# Micrograd
We're now going to codify our observations from backpropagation and will define an autograd-engine that will automatically calculating gradients based on the inputs

## Backward based on operations
- Every operation defines it's backward process based on the chain rule - ``_backward()`` function
- The ``_backward()`` function by default does nothing, and this is true for all leaf noode (nodes after which no operation is perfomed)
- For all other operations the ``_backward()`` function is defined as a closure, and then assigned to the attribute of ``_backward()`` of that object


The ``_backward()`` function can now be called in the correct order on the node and fills in the gradients of the graph based on the operations.

## Backward for one node
To avoid having to manually determine the order in which the ``_backward()`` functions have to be called, we will use topological sorting to automatically determine the order and then call the function based on the order.
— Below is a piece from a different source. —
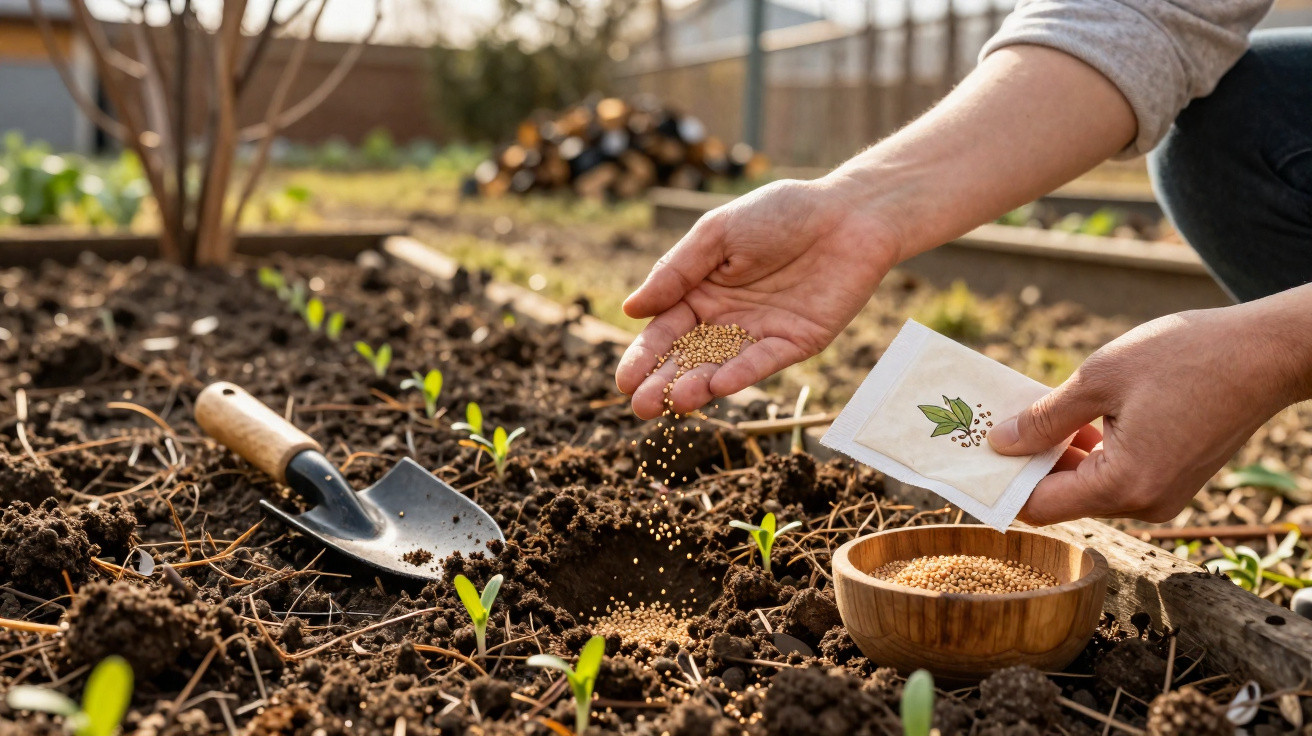 Mãos a semear sementes num canteiro de terra com uma pequena pá e plantas jovens ao redor.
$\Rightarrow$ This enabled us to only having to call ``backward()`` on the individual node and it will recursivelly iterate throught the graph and call the intermediate ``_backward()``s


In [None]:
import math

In [None]:
class Value:
    def __init__(self, data, _children=(), _op: str = None, label: str = ""):
        self.data = data
        self.grad = 0.0
        self._prev = set(_children)
        self._op = _op
        self.label = label
        # This will perform the chain rule based on the operation
        self._backward: callable = lambda: None

    def __repr__(self):
        return f"Value(data={self.data})"
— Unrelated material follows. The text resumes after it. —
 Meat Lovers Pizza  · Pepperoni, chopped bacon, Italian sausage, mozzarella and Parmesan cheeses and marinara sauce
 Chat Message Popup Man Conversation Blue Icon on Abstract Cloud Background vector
    def __add__(self, other):
        out = Value(self.data + other.data, _children=(self, other), _op="+")

        def _backward():
            self.grad += 1.0 * out.grad
            other.grad += 1.0 * out.grad

        out._backward = _backward
        return out

    def __mul__(self, other):
        out = Value(self.data * other.data, _children=(self, other), _op="*")

        def _backward():
            self.grad += other.data * out.grad
            other.grad += self.data * out.grad

        out._backward = _backward
        return out

    def tanh(self):
        x = self.data
        t = (math.exp(2 * x) - 1) / (math.exp(2 * x) + 1)
        out = Value(t, _children=(self,), _op="tanh")

        def _backward():
            self.grad += (1 - t**2) * out.grad

        out._backward = _backward
        return out

    def backward(self):
        topo = []
        visited = set()

        def build_topo(v):
            if v not in visited:
                visited.add(v)
                for child in v._prev:
                    build_topo(child)
                topo.append(v)

        build_topo(self)
        self.grad = 1.0
        for node in reversed(topo):  # Needs to be reversed because we start at the end
            node._backward()

In [None]:
# Visualizing the computation graph
from graphviz import Digraph


def trace(root):
    nodes, edges = set(), set()

    def build(v):
        if v not in nodes:
            nodes.add(v)
            for child in v._prev:
                edges.add((child, v))
                build(child)

    build(root)
    return nodes, edges


# for any value use a rectangle, for any operation use a circle
def draw_graph(value: Value):
    dot = Digraph(format="svg", graph_attr={"rankdir": "LR"})  # Left to right
    nodes, edges = trace(value)
    # For each node, add a rectangle with the value
    for n in nodes:
        uid = str(id(n))
        dot.node(
            name=uid,
            label="{%s | data %.4f | grad %.4f }" % (n.label, n.data, n.grad),
            shape="record",
        )
        # For any operation, use a circle
        if n._op:
            dot.node(name=uid + n._op, label=n._op)
            # Add edges to the graph
            dot.edge(uid + n._op, uid)
    for n1, n2 in edges:
        dot.edge(str(id(n1)), str(id(n2)) + n2._op)
    return dot

# Example

In [None]:
# inputs x1,x2
x1 = Value(2.0, label="x1")
x2 = Value(0.0, label="x2")
# weights wl,w2
w1 = Value(-3.0, label="w1")
w2 = Value(1.0, label="w2")
# bias of the neuron
b = Value(6.8813735870195432, label="b")  # Value set so the numbers come out "nice"
# x1*w1 + x2*w2 + b
x1w1 = x1 * w1
x1w1.label = "x1*w1"
x2w2 = x2 * w2
x2w2.label = "x2*w2"
x1w1x2w2 = x1w1 + x2w2
x1w1x2w2.label = "x1*w1 + x2*w2"
n = x1w1x2w2 + b
n.label = "n"
o = n.tanh()
o.label = "o"

# Calling ``_backward()`` manually
We're now going to let the ``_backward()`` function of the operations compute the gradients instead of doing it manually.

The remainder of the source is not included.